Task material:
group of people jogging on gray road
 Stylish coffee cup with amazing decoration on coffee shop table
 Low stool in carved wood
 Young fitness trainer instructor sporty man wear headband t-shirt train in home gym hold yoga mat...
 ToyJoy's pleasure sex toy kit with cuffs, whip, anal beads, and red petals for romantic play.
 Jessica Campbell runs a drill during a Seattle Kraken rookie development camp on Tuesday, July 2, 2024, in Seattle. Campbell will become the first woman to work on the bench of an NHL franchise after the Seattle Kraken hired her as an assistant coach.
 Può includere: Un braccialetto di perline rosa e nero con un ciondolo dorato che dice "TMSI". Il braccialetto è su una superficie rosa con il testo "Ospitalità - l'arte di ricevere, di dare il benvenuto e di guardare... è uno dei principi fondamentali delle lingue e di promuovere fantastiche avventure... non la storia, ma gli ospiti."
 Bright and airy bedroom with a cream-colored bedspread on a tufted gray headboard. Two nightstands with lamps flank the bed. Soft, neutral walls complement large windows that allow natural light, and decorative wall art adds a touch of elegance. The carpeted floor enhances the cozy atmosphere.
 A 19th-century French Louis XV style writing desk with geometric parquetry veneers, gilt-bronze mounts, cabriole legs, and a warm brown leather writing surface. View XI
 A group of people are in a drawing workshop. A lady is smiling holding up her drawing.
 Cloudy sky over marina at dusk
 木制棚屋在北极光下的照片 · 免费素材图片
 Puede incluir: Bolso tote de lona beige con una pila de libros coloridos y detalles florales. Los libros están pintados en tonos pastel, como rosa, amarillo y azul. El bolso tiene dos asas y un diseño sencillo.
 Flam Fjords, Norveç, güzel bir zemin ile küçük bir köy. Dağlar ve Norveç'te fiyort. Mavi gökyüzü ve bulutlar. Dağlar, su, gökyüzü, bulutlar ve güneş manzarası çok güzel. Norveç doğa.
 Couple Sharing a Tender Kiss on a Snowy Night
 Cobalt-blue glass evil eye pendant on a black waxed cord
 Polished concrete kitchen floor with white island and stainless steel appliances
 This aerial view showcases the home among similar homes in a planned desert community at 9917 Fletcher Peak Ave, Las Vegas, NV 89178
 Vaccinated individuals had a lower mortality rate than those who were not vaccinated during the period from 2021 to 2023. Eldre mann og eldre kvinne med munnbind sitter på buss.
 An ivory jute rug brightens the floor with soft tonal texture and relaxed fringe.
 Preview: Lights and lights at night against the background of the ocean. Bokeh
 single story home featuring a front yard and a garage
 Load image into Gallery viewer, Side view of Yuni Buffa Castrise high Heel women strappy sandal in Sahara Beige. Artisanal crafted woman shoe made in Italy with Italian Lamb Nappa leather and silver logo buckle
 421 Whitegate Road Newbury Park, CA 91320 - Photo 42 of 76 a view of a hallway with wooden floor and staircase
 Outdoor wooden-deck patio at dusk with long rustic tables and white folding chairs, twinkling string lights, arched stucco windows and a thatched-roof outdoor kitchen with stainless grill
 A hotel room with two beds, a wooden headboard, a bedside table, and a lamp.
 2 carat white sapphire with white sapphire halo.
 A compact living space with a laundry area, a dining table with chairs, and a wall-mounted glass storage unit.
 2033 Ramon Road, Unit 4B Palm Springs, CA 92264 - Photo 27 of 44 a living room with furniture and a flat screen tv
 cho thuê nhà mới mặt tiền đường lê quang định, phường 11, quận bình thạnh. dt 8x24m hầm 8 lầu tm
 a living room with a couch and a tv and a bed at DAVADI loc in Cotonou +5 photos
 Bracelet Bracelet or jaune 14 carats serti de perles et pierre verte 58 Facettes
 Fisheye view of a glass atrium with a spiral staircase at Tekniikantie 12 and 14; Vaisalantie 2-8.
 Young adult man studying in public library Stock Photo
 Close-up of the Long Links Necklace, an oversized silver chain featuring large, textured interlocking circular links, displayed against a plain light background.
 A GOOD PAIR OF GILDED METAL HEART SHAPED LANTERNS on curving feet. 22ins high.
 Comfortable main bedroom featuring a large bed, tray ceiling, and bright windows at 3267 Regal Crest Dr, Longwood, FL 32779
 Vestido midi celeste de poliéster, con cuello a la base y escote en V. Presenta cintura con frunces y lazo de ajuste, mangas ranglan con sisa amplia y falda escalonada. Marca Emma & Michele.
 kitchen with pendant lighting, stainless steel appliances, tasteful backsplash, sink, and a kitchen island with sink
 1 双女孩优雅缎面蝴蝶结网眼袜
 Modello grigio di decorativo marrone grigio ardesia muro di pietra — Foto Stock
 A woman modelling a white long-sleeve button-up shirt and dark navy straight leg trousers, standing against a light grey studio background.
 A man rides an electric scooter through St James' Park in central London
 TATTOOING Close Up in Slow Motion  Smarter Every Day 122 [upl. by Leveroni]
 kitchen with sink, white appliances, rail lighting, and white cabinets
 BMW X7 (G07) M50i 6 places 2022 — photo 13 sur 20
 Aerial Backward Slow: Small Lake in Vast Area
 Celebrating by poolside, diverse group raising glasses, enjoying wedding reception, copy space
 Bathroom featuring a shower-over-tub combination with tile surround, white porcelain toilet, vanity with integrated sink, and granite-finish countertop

Exercise directions: From the records above, quote only the lines running from the line with "Preview: Lights and" to the line with "cho thuê nhà", both lines included.

Answer to the exercise:
 Preview: Lights and lights at night against the background of the ocean. Bokeh
 single story home featuring a front yard and a garage
 Load image into Gallery viewer, Side view of Yuni Buffa Castrise high Heel women strappy sandal in Sahara Beige. Artisanal crafted woman shoe made in Italy with Italian Lamb Nappa leather and silver logo buckle
 421 Whitegate Road Newbury Park, CA 91320 - Photo 42 of 76 a view of a hallway with wooden floor and staircase
 Outdoor wooden-deck patio at dusk with long rustic tables and white folding chairs, twinkling string lights, arched stucco windows and a thatched-roof outdoor kitchen with stainless grill
 A hotel room with two beds, a wooden headboard, a bedside table, and a lamp.
 2 carat white sapphire with white sapphire halo.
 A compact living space with a laundry area, a dining table with chairs, and a wall-mounted glass storage unit.
 2033 Ramon Road, Unit 4B Palm Springs, CA 92264 - Photo 27 of 44 a living room with furniture and a flat screen tv
 cho thuê nhà mới mặt tiền đường lê quang định, phường 11, quận bình thạnh. dt 8x24m hầm 8 lầu tm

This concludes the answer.